Penn State

Trustees file lawsuit over Penn State Alumni Association election snub

Four Penn State alumni trustees have filed suit against the Penn State Alumni Association. Clockwise from top left: Anthony Lubrano, Alice Pope, Bill Oldsey and Ted Brown.
Four Penn State alumni trustees have filed suit against the Penn State Alumni Association. Clockwise from top left: Anthony Lubrano, Alice Pope, Bill Oldsey and Ted Brown.

Four alumni trustees who were denied slots on the Penn State Alumni Association ballot have taken their case to court.

Ted Brown, Anthony Lubrano, Bill Oldsey and Alice Pope have filed a lawsuit in Centre County court asking for an injunction that would add their names to the 32 other candidates in contention for 10 seats on the alumni council.

“With heavy hearts but with moral certainty, we take this action,” they said in a press release Tuesday. “The willful violation of its own bylaws by the leadership of the PSAA to keep our names off the ballot forces us to bring suit against the alumni association of the university we love and serve.”

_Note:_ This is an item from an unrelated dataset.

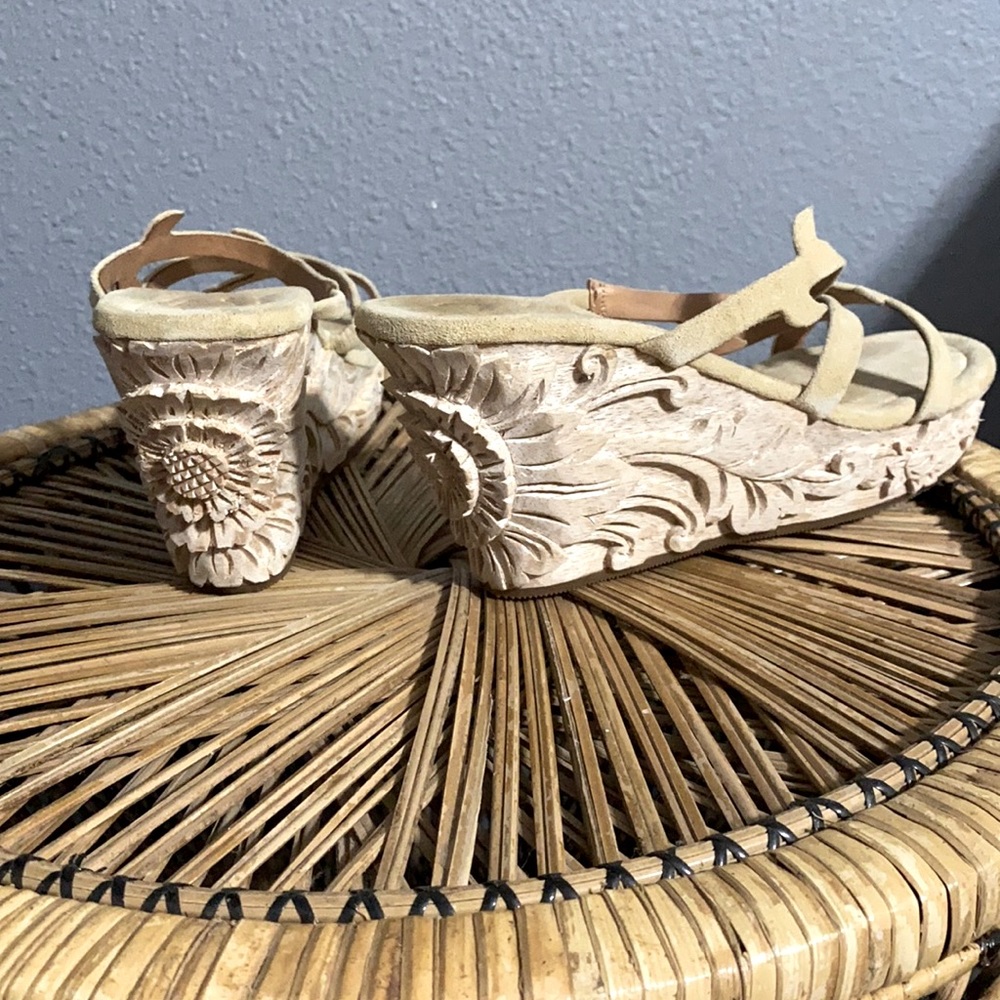 Valeria Lacerda hand carved wedges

The situation started more than two months ago, after the PSAA nominating committee decided it wasn’t appropriate to have the trustees involved in the association’s leadership.

According to Executive Director Roger Williams, having the four on the council would be a conflict of interest that would have “the potential to compromise our autonomy and independence.”

The trustees disagree.

“There is no justification for PSAA to refuse to place any of the plaintiffs’ names on the ballot for council,” their court filing states.

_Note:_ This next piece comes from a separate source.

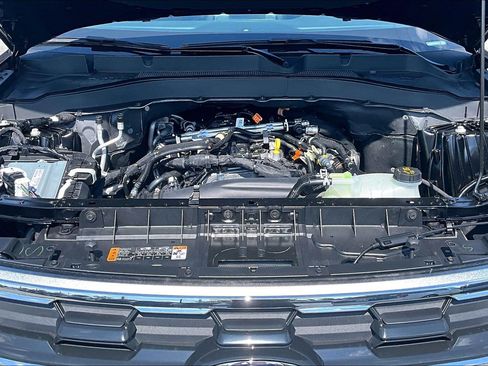 New 2026 Ford Explorer Active w/ Active Comfort Package AWD/4WD image 10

The association has already been sued by another candidate denied a berth and, in answer, told the court James Smith’s name would be added, along with another would-be candidate, Elizabeth Morgan. Both names have since been added to the list of candidates on the PSAA website.

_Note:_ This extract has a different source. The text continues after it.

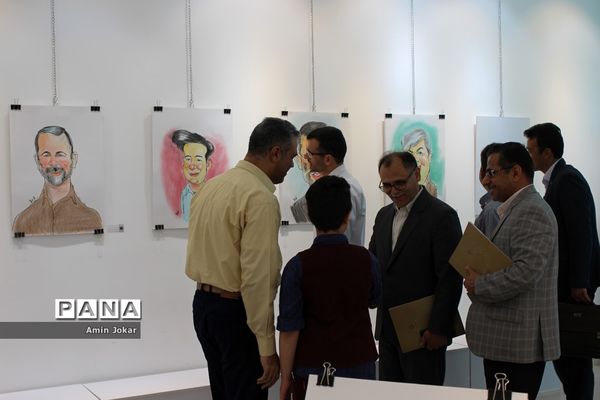 نمایشگاه کاریکاتور کارکنان آموزش و پرورش فارس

However in an April 6 letter to council members, Williams said there would be no change of heart regarding the trustees, who had warned of litigation.

“What do the leaders of the PSAA fear? In the end, this matter can be resolved quickly by placing our names on the ballot and allowing the nearly 180,000 members of the PSAA to choose for themselves who they want to represent them on council,” the trustees wrote.

PSAA is the largest dues-paying alumni association in the world and has been for 10 years, according to its website. It represents 631,000 graduates of the university and has been in existence since 1870.